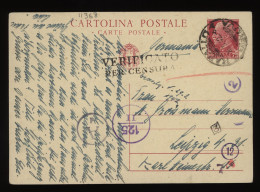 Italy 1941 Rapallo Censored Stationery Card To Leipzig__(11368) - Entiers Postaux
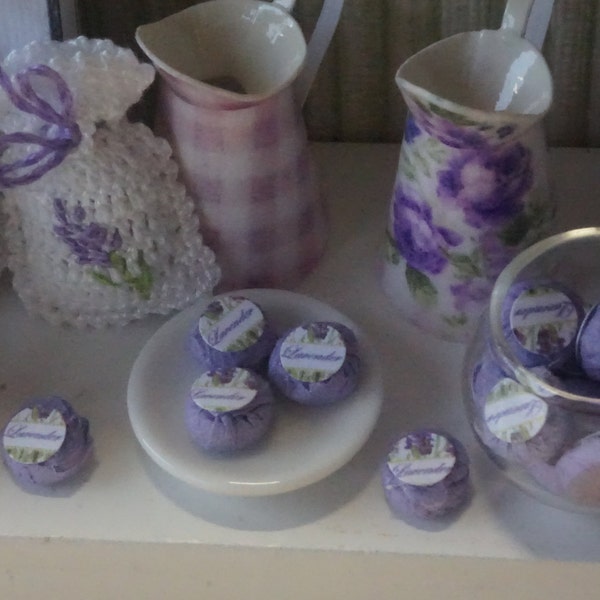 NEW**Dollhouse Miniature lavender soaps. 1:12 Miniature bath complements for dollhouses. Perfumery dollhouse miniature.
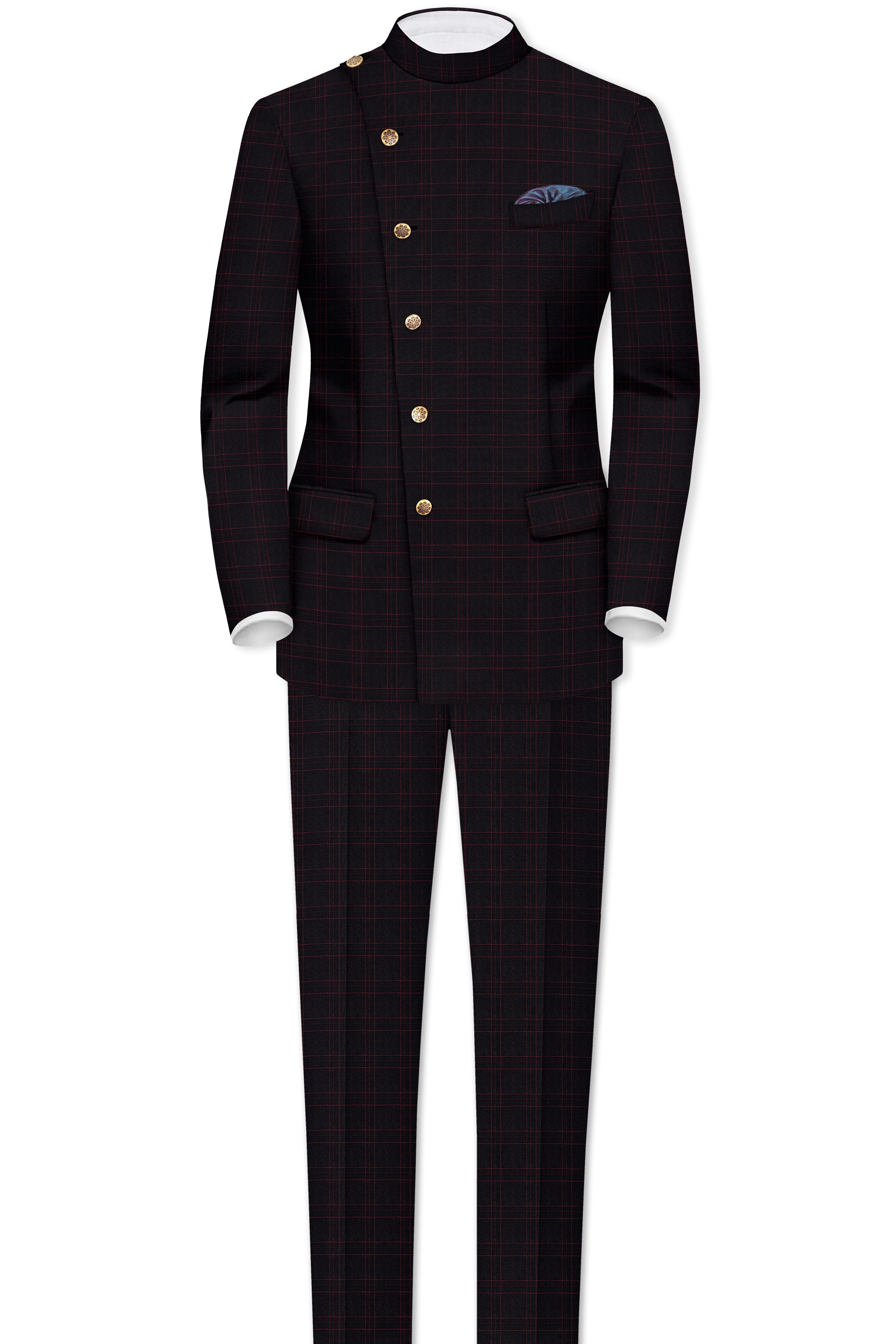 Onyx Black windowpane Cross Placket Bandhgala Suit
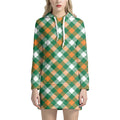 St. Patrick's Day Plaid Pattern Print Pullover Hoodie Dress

:::::

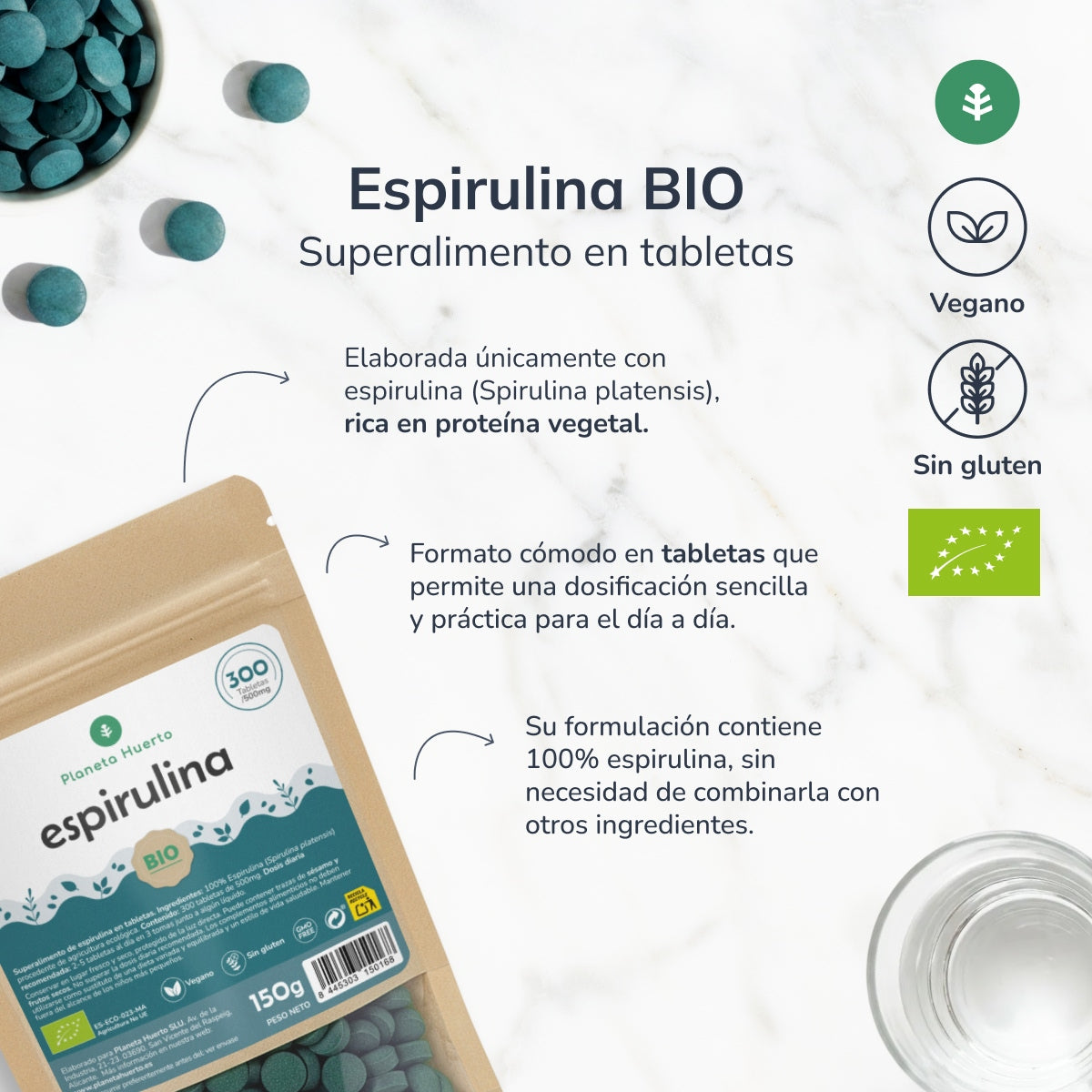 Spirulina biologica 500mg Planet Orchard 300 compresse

:::::

**Instructions for the task**
Copy the entries above exactly, but only the stretch from the line containing "Italy 1941 Rapallo" through the line containing "Onyx Black windowpane". Keep both end lines; drop the pictures.

**Output for this task**
 Italy 1941 Rapallo Censored Stationery Card To Leipzig__(11368) - Entiers Postaux
 NEW**Dollhouse Miniature lavender soaps. 1:12 Miniature bath complements for dollhouses. Perfumery dollhouse miniature.
 Onyx Black windowpane Cross Placket Bandhgala Suit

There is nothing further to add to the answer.